● Exercise description: Only the lines from the top of the data through the line containing "2718 GULF BOULEVARD — photo 8 of 82" should be duplicated, exactly as they appear.

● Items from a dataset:
+ + + + + + +
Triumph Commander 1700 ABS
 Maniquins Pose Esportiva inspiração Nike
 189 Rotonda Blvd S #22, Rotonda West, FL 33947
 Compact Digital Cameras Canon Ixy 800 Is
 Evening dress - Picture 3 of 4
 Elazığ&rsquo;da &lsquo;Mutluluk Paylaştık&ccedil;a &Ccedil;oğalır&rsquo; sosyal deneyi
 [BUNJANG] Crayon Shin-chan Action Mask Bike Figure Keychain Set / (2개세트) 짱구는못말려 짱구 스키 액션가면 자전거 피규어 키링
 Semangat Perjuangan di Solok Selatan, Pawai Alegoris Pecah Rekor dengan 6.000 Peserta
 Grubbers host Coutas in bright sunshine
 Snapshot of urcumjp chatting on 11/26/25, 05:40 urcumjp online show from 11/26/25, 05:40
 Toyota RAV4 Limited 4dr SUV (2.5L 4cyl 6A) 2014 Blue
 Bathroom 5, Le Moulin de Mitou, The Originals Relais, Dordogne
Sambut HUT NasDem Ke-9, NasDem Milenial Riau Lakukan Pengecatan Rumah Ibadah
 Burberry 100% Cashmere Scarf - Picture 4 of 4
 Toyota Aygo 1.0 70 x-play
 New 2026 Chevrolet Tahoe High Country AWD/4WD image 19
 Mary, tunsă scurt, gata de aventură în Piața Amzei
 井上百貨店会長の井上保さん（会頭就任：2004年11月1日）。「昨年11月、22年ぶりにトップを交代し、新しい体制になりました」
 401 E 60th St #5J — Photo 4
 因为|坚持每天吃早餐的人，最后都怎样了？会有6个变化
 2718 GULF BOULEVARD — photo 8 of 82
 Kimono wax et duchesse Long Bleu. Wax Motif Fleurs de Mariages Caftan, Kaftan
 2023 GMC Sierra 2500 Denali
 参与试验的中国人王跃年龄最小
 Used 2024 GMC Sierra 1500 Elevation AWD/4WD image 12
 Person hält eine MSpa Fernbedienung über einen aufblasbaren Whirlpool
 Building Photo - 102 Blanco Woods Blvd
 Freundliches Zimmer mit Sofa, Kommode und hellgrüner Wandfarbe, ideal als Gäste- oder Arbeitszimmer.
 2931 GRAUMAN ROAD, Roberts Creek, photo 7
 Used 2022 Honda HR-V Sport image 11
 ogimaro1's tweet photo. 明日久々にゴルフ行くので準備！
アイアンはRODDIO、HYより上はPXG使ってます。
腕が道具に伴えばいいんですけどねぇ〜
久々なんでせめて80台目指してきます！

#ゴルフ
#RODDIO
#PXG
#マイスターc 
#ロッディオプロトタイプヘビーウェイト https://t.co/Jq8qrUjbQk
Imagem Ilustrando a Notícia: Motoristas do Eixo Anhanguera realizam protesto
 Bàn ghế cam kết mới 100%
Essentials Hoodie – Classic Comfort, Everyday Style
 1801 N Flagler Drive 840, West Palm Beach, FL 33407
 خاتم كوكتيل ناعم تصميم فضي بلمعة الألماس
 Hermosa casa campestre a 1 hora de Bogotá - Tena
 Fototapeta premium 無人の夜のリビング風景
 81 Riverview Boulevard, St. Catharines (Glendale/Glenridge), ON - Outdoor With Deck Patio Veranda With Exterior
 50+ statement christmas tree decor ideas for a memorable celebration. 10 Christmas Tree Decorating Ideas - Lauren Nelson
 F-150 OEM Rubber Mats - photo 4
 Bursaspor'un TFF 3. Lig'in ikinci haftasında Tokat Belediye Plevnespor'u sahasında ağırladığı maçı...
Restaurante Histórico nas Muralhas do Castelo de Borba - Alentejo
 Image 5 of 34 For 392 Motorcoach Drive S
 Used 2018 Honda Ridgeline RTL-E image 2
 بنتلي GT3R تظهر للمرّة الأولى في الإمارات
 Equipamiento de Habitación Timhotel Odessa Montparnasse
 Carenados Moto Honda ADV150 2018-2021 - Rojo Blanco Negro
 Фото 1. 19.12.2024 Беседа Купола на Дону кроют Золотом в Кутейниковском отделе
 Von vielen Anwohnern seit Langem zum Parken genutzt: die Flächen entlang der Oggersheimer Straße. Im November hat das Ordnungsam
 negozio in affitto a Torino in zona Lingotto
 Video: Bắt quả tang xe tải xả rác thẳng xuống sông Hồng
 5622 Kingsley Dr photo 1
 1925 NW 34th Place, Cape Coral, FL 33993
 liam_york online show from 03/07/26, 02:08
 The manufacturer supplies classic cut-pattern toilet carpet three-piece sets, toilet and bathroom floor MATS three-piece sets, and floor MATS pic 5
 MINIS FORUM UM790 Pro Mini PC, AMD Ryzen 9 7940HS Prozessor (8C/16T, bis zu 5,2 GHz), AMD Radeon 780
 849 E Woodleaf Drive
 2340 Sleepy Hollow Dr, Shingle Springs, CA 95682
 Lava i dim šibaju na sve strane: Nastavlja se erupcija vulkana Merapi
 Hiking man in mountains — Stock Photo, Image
+ + + + + + +
● Answer for the task:
Triumph Commander 1700 ABS
 Maniquins Pose Esportiva inspiração Nike
 189 Rotonda Blvd S #22, Rotonda West, FL 33947
 Compact Digital Cameras Canon Ixy 800 Is
 Evening dress - Picture 3 of 4
 Elazığ&rsquo;da &lsquo;Mutluluk Paylaştık&ccedil;a &Ccedil;oğalır&rsquo; sosyal deneyi
 [BUNJANG] Crayon Shin-chan Action Mask Bike Figure Keychain Set / (2개세트) 짱구는못말려 짱구 스키 액션가면 자전거 피규어 키링
 Semangat Perjuangan di Solok Selatan, Pawai Alegoris Pecah Rekor dengan 6.000 Peserta
 Grubbers host Coutas in bright sunshine
 Snapshot of urcumjp chatting on 11/26/25, 05:40 urcumjp online show from 11/26/25, 05:40
 Toyota RAV4 Limited 4dr SUV (2.5L 4cyl 6A) 2014 Blue
 Bathroom 5, Le Moulin de Mitou, The Originals Relais, Dordogne
Sambut HUT NasDem Ke-9, NasDem Milenial Riau Lakukan Pengecatan Rumah Ibadah
 Burberry 100% Cashmere Scarf - Picture 4 of 4
 Toyota Aygo 1.0 70 x-play
 New 2026 Chevrolet Tahoe High Country AWD/4WD image 19
 Mary, tunsă scurt, gata de aventură în Piața Amzei
 井上百貨店会長の井上保さん（会頭就任：2004年11月1日）。「昨年11月、22年ぶりにトップを交代し、新しい体制になりました」
 401 E 60th St #5J — Photo 4
 因为|坚持每天吃早餐的人，最后都怎样了？会有6个变化
 2718 GULF BOULEVARD — photo 8 of 82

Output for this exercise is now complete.